▸ **TASK ITEM**: Omit every picture. Return all other data as it stands.

[Image-caption web data]
++++++++++
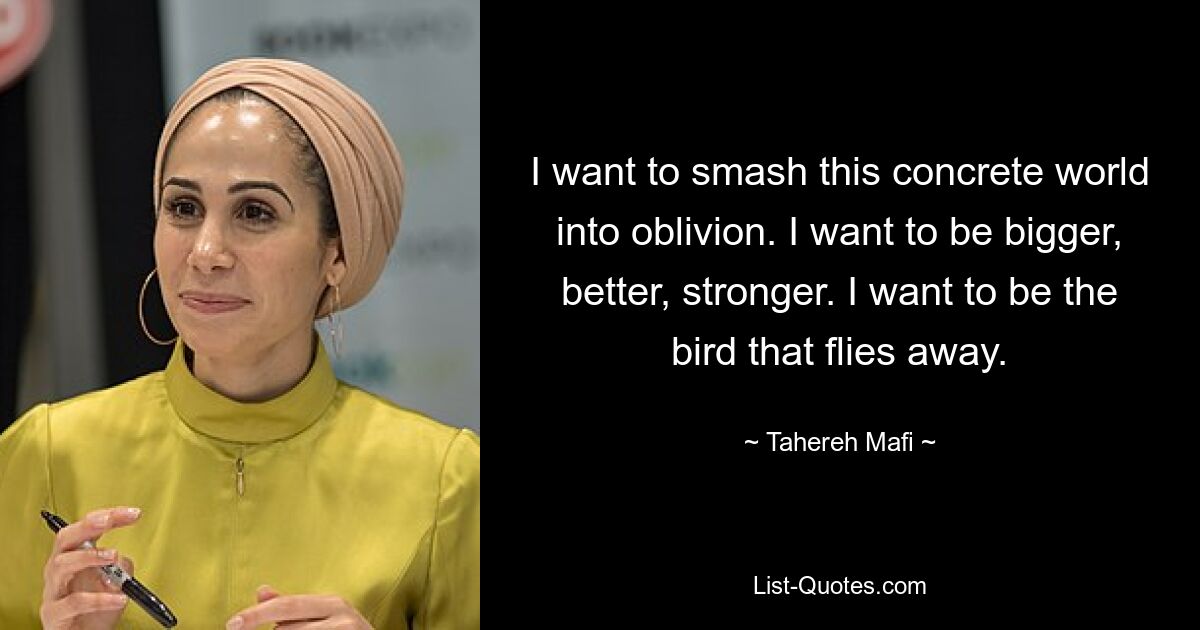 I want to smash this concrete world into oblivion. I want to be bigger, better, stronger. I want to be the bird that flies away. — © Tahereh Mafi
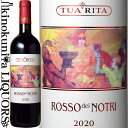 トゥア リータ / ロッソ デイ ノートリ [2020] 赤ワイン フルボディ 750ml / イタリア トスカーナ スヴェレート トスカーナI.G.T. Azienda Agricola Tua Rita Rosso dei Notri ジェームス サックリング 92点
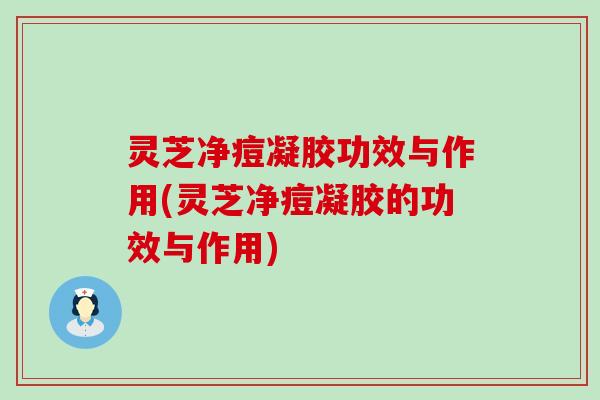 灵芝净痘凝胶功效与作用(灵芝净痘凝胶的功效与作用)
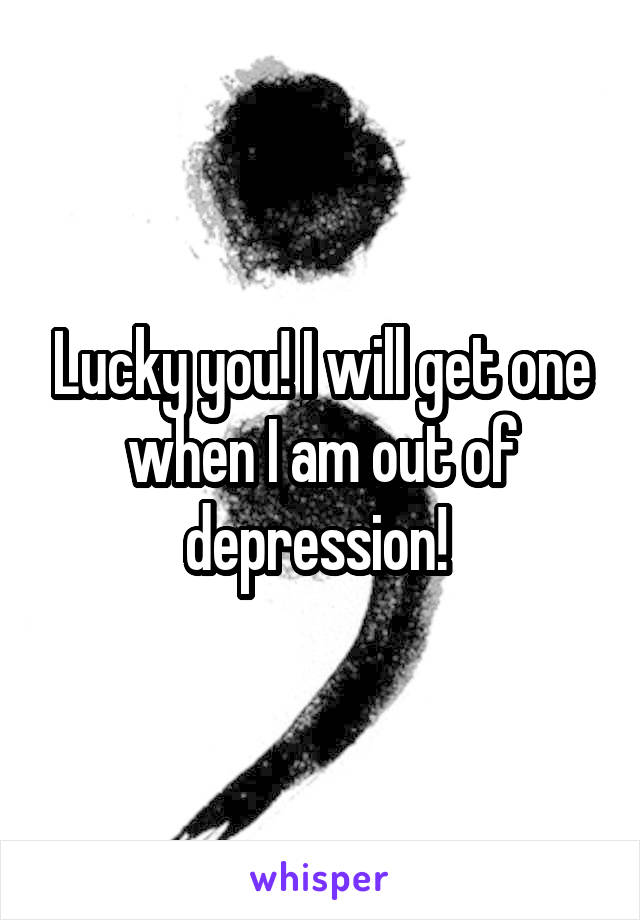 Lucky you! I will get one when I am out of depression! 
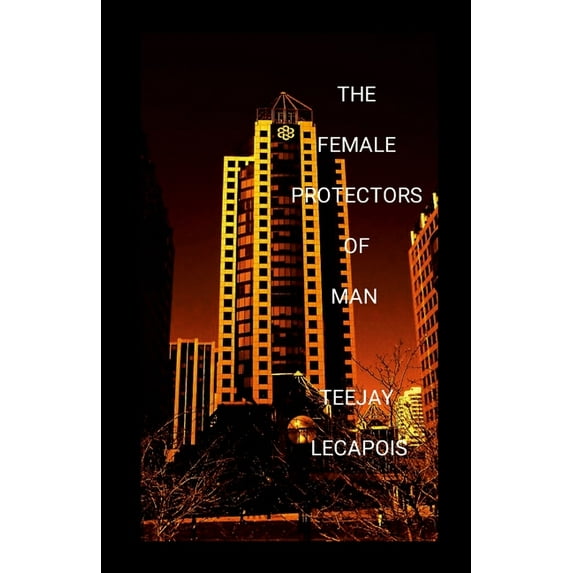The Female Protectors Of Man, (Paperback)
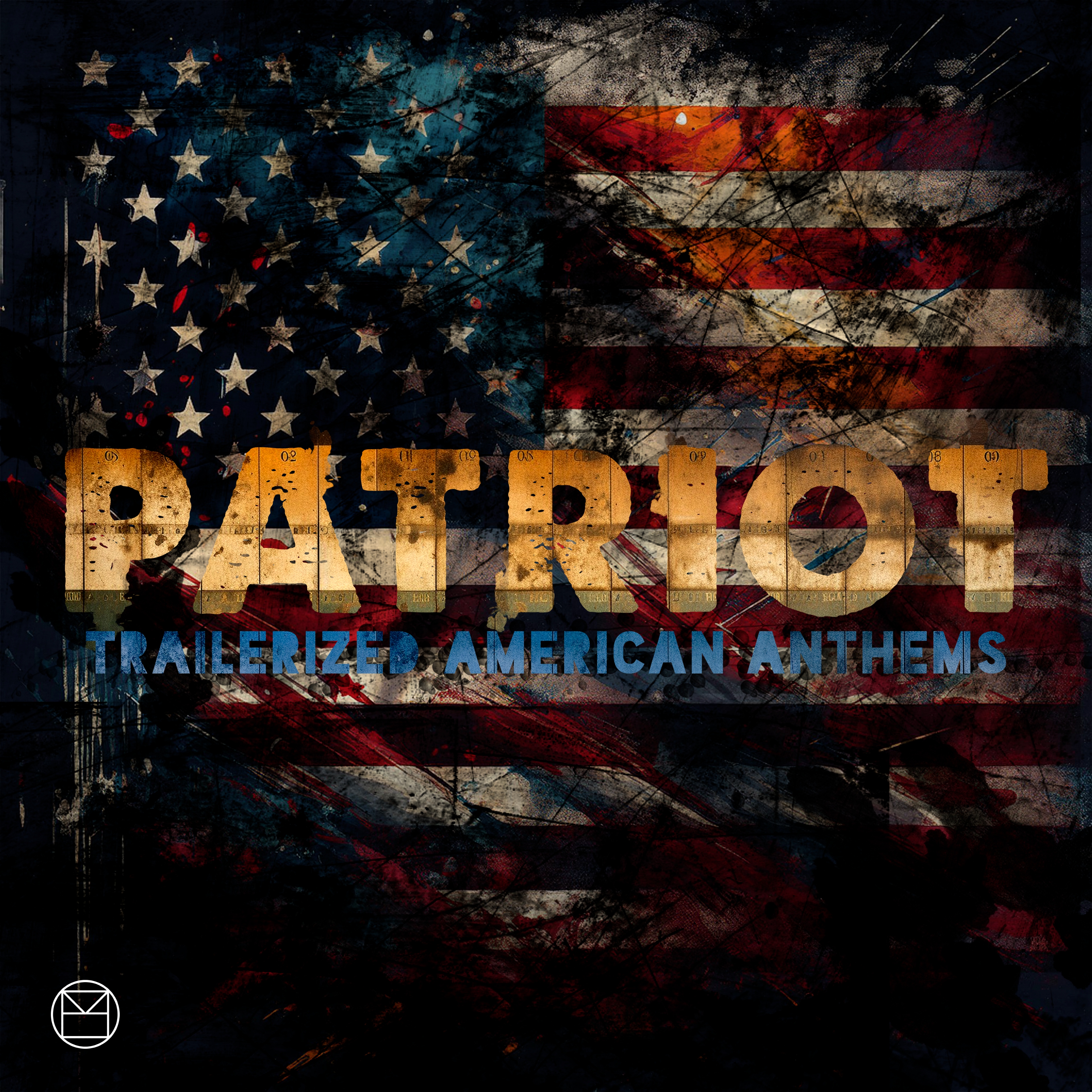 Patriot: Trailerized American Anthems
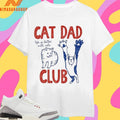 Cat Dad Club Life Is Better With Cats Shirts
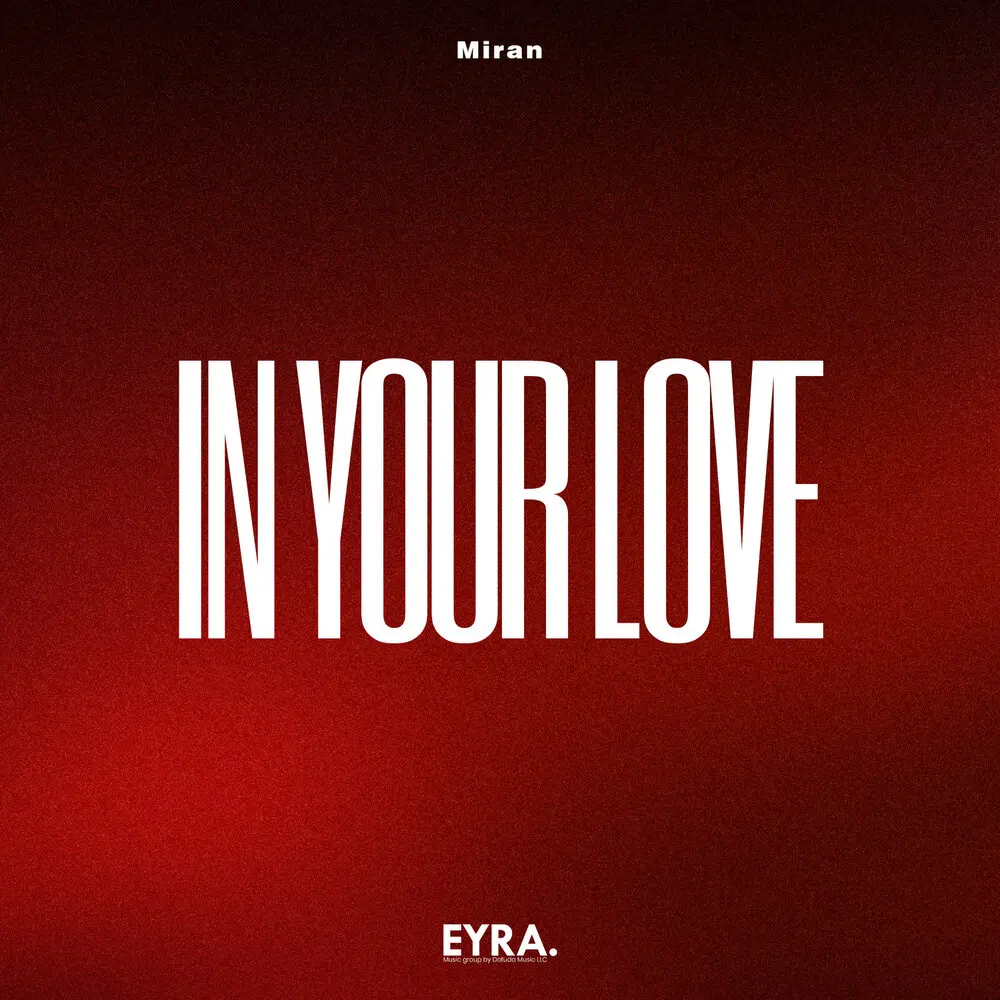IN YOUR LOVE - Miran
++++++++++
▸ **ANSWER SPACE**:
 I want to smash this concrete world into oblivion. I want to be bigger, better, stronger. I want to be the bird that flies away. — © Tahereh Mafi
 トゥア リータ / ロッソ デイ ノートリ [2020] 赤ワイン フルボディ 750ml / イタリア トスカーナ スヴェレート トスカーナI.G.T. Azienda Agricola Tua Rita Rosso dei Notri ジェームス サックリング 92点
 灵芝净痘凝胶功效与作用(灵芝净痘凝胶的功效与作用)
 Lucky you! I will get one when I am out of depression! 
The Female Protectors Of Man, (Paperback)
 Patriot: Trailerized American Anthems
 Cat Dad Club Life Is Better With Cats Shirts
IN YOUR LOVE - Miran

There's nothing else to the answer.